+++ RECORDED DATA +++

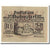 Geldschein, Österreich, Hardersdorf, 10 Heller, paysage, 1920, 1920-12-31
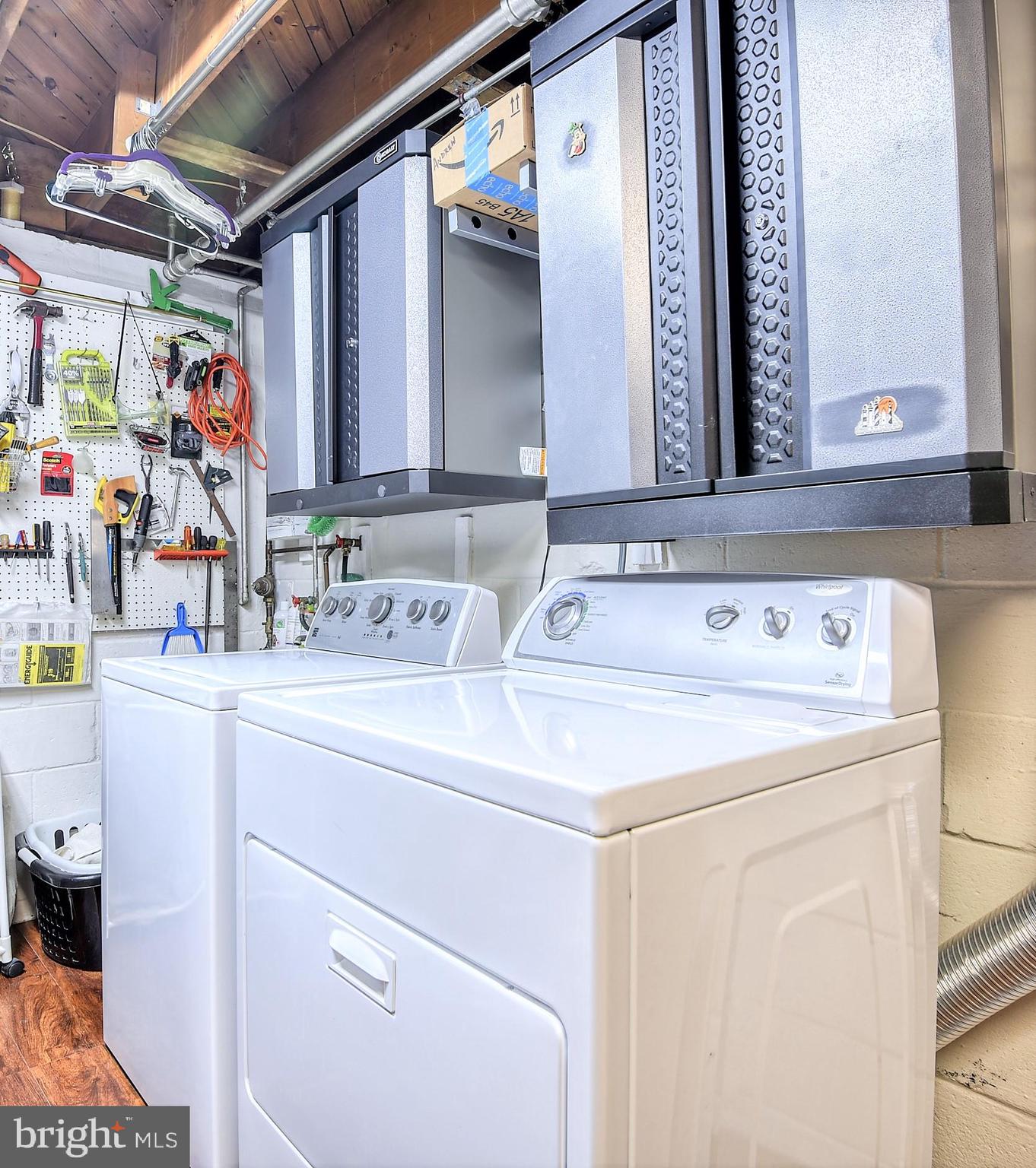 934 Starbit Road Baltimore, MD 21286 - Photo 45 of 59 Gallery Image 45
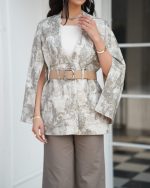 کت Linda - تصویر 18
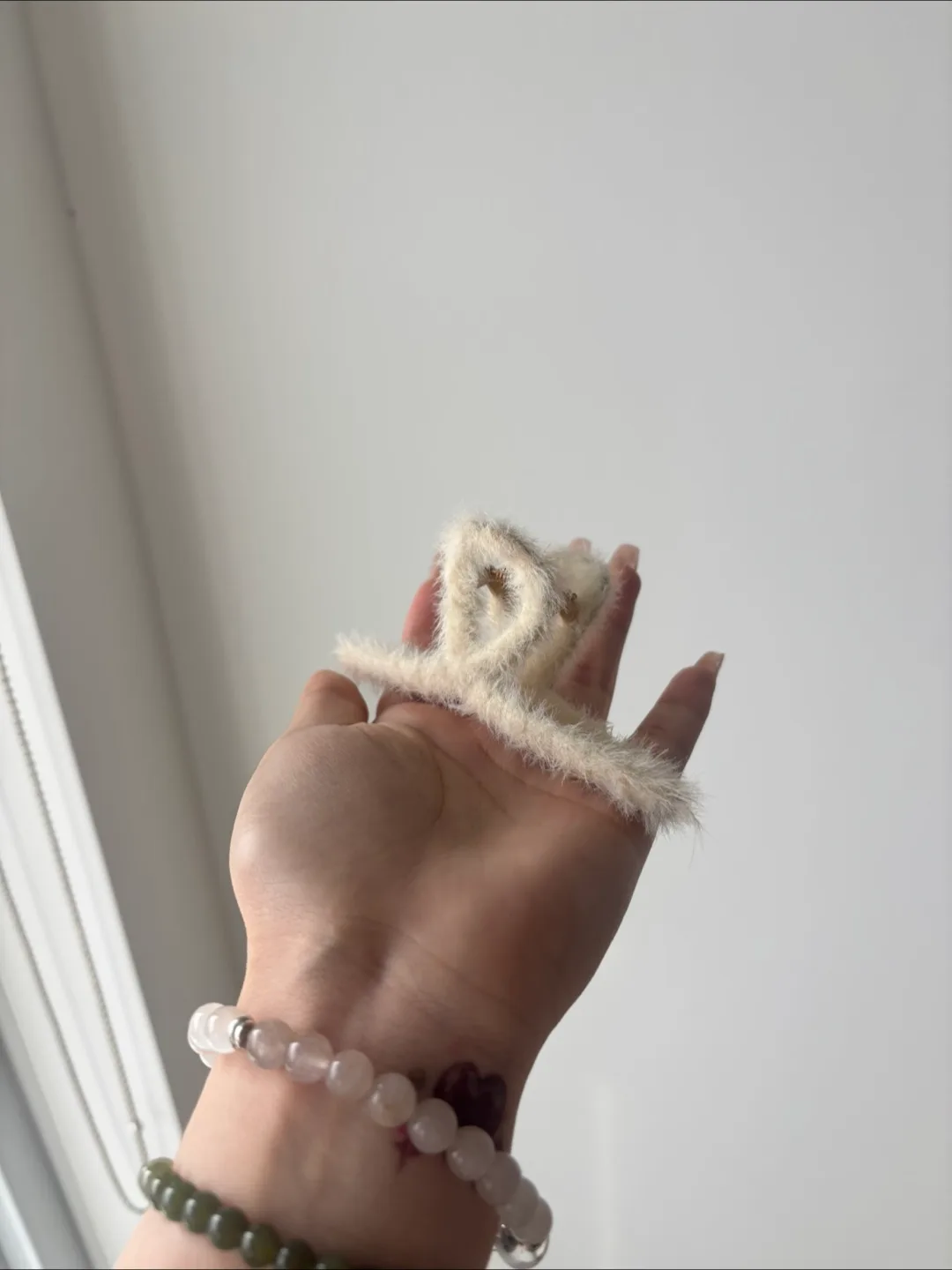 Hair Clip thumbnail
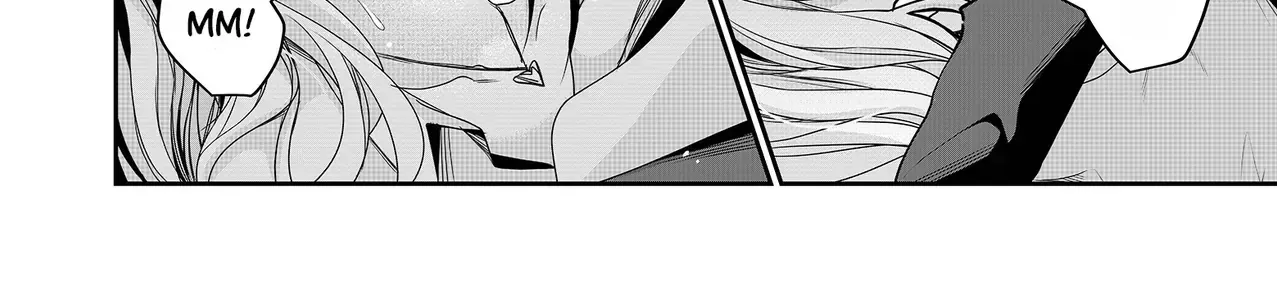 Bí Mật Của Nàng Vợ Gal Chapter 28 - Trang 23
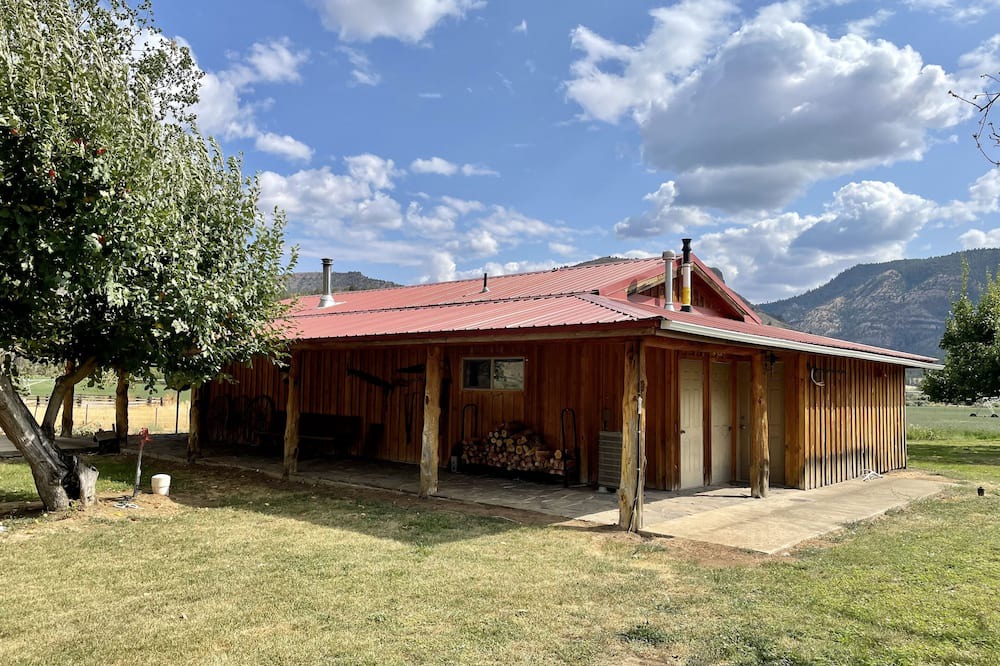 Photo of Others in Kimberly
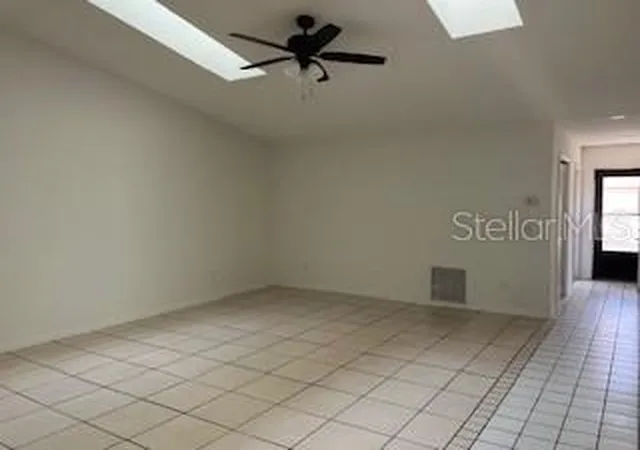 Photo 3 of Sale Pending at 59 Wellwood Ln #A & B, Palm Coast, FL 32164 | MLS# FC317405 | Listing updated on 2026-09-05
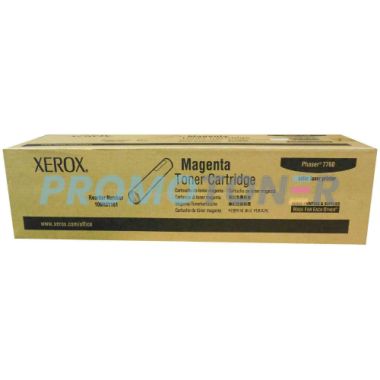 106R01161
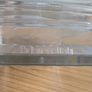 Glass blocks Image 3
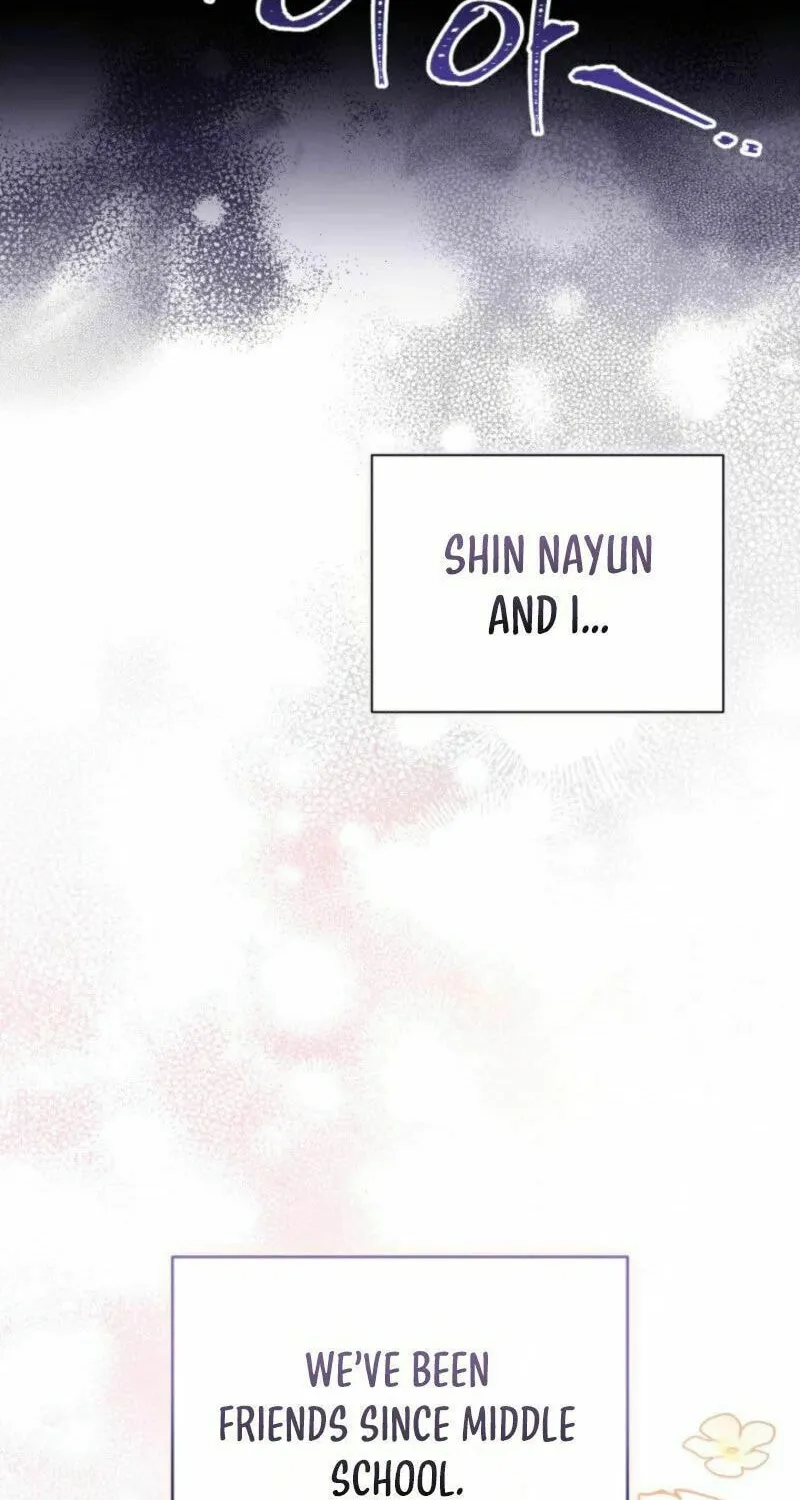 Byeongariban Heonteoneun Hyodo Jung! Chapter 36 page 4 - 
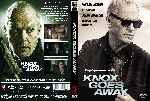 miniatura knox-goes-away-custom-por-marrueco cover dvd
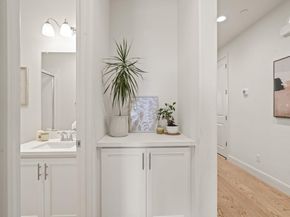 29716 Cantera, Hayward CA 94544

+++

**WHAT TO PRODUCE:** Each line from the line containing "Photo of Others in Kimberly" through the last line above must be written out exactly, and every picture must be omitted.

**SOLUTION BELOW:**
 Photo of Others in Kimberly
 Photo 3 of Sale Pending at 59 Wellwood Ln #A & B, Palm Coast, FL 32164 | MLS# FC317405 | Listing updated on 2026-09-05
 106R01161
 Glass blocks Image 3
 Byeongariban Heonteoneun Hyodo Jung! Chapter 36 page 4 - 
 miniatura knox-goes-away-custom-por-marrueco cover dvd
 29716 Cantera, Hayward CA 94544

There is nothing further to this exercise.